Performance baseline

This page records a cross-host RDMA performance baseline for the PeerCache GET path (one-sided RDMA READ of KV pages, MLA layout) measured with the built-in peercache-bench serve / drive two-node harness. It shows three regimes and what bounds each:

  1. a single NIC (PeerCache vs. bare ib_read_bw),
  2. a single process across many NICs (multi-rail), and
  3. the full machine (multi-process across all NICs).

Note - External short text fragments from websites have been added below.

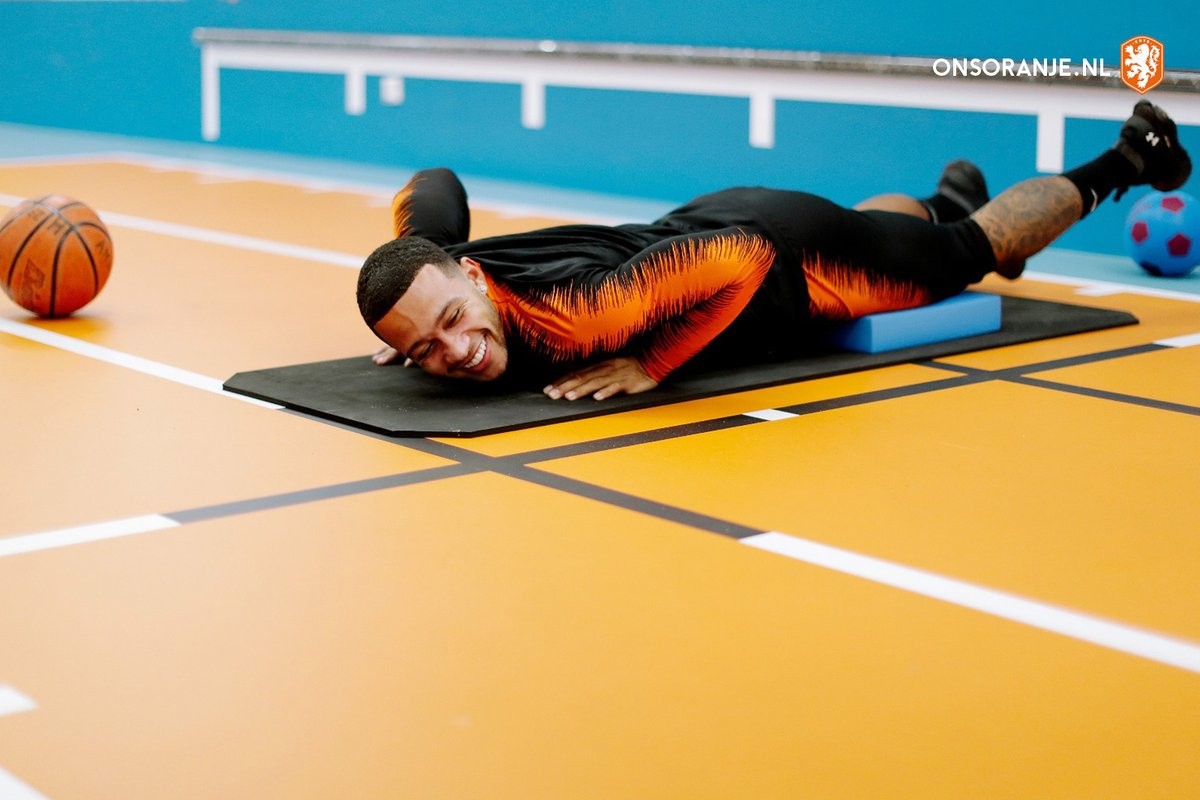 Hà Lan tập luyện - Bóng Đá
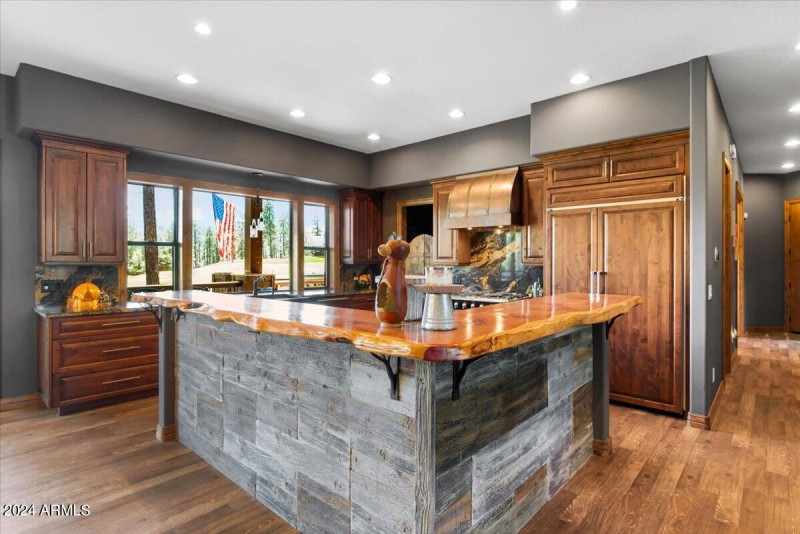 Kitchen Island seating for 10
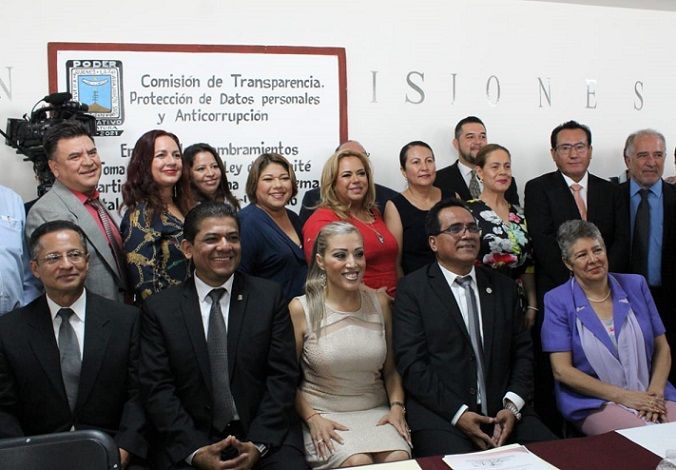 Al asistir a la toma de protesta de los integrantes de dicho Comité se congratuló de que este día, en el salón de Comisiones del Congreso de Morelos se haya dado un paso hacia adelante con la toma de protesta del Comité Ciudadano, ya que es un avance hacia la instalación del Sistema Estatal Anticorrupción, el cual, coordinará a las autoridades competentes en la prevención, detección, investigación y sanción de responsabilidades administrativas y hechos de corrupción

These are example numbers from one cluster

The figures below come from one specific 8-NIC RoCE setup (see Test environment). Treat them as a methodology and shape-of-the-curve reference, not a guarantee — re-run on your hardware with the commands in Reproduce.

Headline

Throughput scaling ladder

GET throughput as we move from one NIC to the whole machine.
Scenario GET throughput vs. single-NIC bare notes
Bare ib_read_bw, 1 NIC, 16 QP 49.0 GB/s (392 Gbps) 100% hardware ceiling of one NIC
PeerCache, 1 NIC, 8 processes 46.0 GB/s (368 Gbps) 94% storage-layer overhead ≈ 6%
PeerCache, 1 process, 8 rails, 1 MiB pages 147.6 GB/s (1.18 Tbps) GIL-bounded; ≈ 3 NICs' worth
PeerCache, 8 NICs, multi-process, 128 KiB pages 413.1 GB/s (3.3 Tbps) per-NIC 25–89 GB/s; mem/PCIe/NUMA-bound

The takeaway: PeerCache reaches ~94% of bare ib_read_bw on a single NIC, and a single box scales to 0.41 TB/s aggregate across 8 NICs. (Under full multi-process load a single NIC reached 89 GB/s — the 16-QP ib_read_bw figure above is a conservative single-NIC reference, not a hard cap.)

Test environment

item value
Topology 2 hosts (producer / consumer), cross-node RoCE
NICs 8 × Mellanox mlx5 RoCE, bonded (mlx5_bond_1..8)
RoCE RoCEv2, GID index 3, MTU 4096
Single-NIC line rate ≈ 400 Gb/s (bare READ measured 392 Gbps)
OS / kernel Linux 5.4.241-1-tlinux4-0017.7, x86_64, glibc 2.35
CPU 2 × AMD EPYC 9K84, 96 cores/socket (192 cores / 384 threads)
Host RAM 2.2 TB (≈ 1.16 TB per NUMA node)
NUMA topology 2 nodes; NICs 1–4 → node 0, 5–8 → node 1; node distance 10 (local) / 32 (remote)
NIC model / FW Mellanox ConnectX-7 (board MT_0000000834), FW 28.39.1002
rdma-core / OFED MLNX_OFED 5.8-2.0.3.0
PeerCache 0.5.x (RDMA build)
Transport --protocol rdma, layout mla
Commands to capture the environment (fill in the blanks)
# NIC model, firmware, link rate, MTU
ibv_devinfo -d mlx5_bond_1 -v | grep -Ei "hca_id|fw_ver|active_mtu|rate|board"
# RoCEv2 GID table (confirm the v2 IPv4 index)
show_gids mlx5_bond_1
# NIC <-> NUMA node mapping
for d in mlx5_bond_{1..8}; do echo -n "$d numa="; cat /sys/class/infiniband/$d/device/numa_node; done
# CPU / NUMA topology and RAM
lscpu | grep -Ei "model name|socket|numa|core"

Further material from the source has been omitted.